Despite these differences, I note that habeas actions are technically civil in nature. Banister v. Davis, 590 U.S. 504, 507 (2020). The Federal Rules of Civil Procedure apply to habeas cases “to the extent the [civil rules] are not inconsistent with any statutory provisions or [the habeas] rules.” Mayle v. Felix, 545 U.S. 644, 654 (2005) (quoting U.S. R. Gov'g 2254 Cases R.11); see Banister v. Davis, 590 U.S. 504, 523 (2020) (holding Fed.R.Civ.P. 59(e) applies to habeas proceedings); see also In re Nwanze, 242 F.3d 521, 526 n.2 (3d Cir. 2001) (concluding habeas actions are “civil” under 28 U.S. Code § 1404(a) governing change of venue because “habeas corpus petitions are technically civil actions” and there is “no reason why that section should not apply to them.”).
Technicalities aside, I note that circuit courts seem to be divided over whether substantively, habeas matters are in fact civil in nature.
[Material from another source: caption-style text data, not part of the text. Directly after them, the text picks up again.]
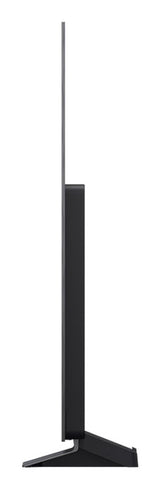 LG OLED55C58LA.AEU TV 139,7 cm (55") 4K Ultra HD Smart TV Wi-Fi Sort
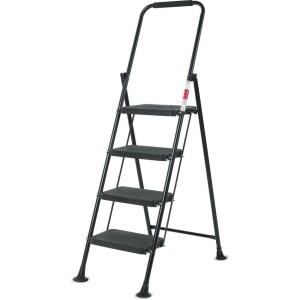 Product detail of Lamart LT8098 schůdky Eurostep, 4 stupně
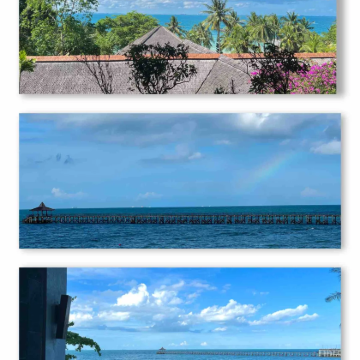 巴淡岛3日2晚私家团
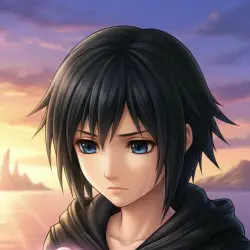 Xion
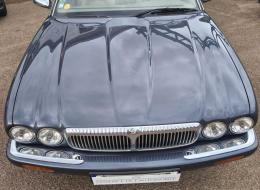 Daimler V8 x 308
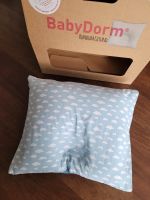 Baby Kopfkissen BabyDorm Gr. III ab 8 kg Nordrhein-Westfalen - Paderborn Vorschau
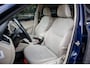 Skoda Octavia Combi 1.4 TSI Greentech Style Business , Trekhaak,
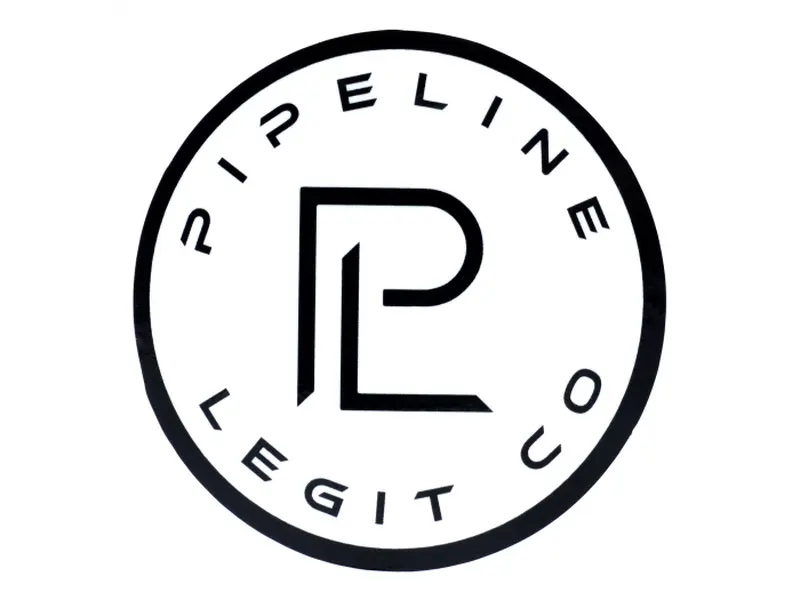 Hot Cut Decal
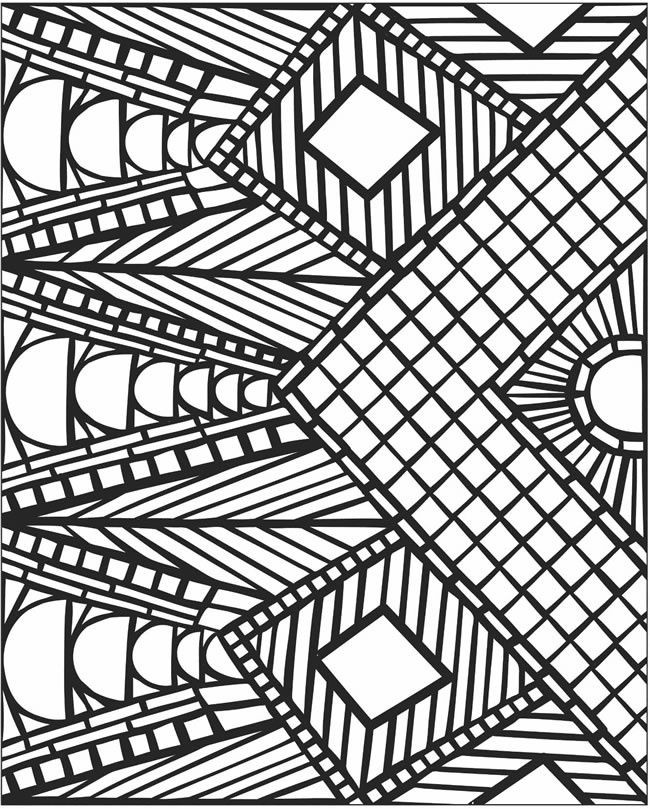 coloring books : Mandala Pattern Coloring Pages Fresh Awesome Coloring  Patterns 3d Coloring Pages Printable Mandala Pattern Coloring Pages ~  bringing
The Second and Ninth Circuits have found that habeas actions challenging immigration-related detention are “civil actions” under the Equal Access to Justice Act (EAJA), while the Fourth and Fifth Circuits have concluded habeas actions are “hybrid” in nature and, thus, excluded as civil actions under the EAJA. See Abioye v. Oddo, No. 23-cv-0251, 2024 U.S. Dist. LEXIS 174205, at *7 (W.D. Pa. Sep. 26, 2024). Agreeing with the reasoning of the Second and Ninth Circuits, a Western District of Pennsylvania Court noted that the EAJA expressly excludes tort actions but does not specifically exclude habeas actions from its scope. Id. at *8. The Third Circuit has explained that whether the phrase “civil action” in a statute or rule encompasses habeas proceedings depends on the context. Santana, 98 F.3d at 755 (concluding that the phrase “civil action” in the Prison Litigation Reform Act does not include habeas proceedings). Under Santana, whether the phrase “civil case” includes habeas proceedings hinges on the language and purpose of Local Civil Rule 40.1. Id.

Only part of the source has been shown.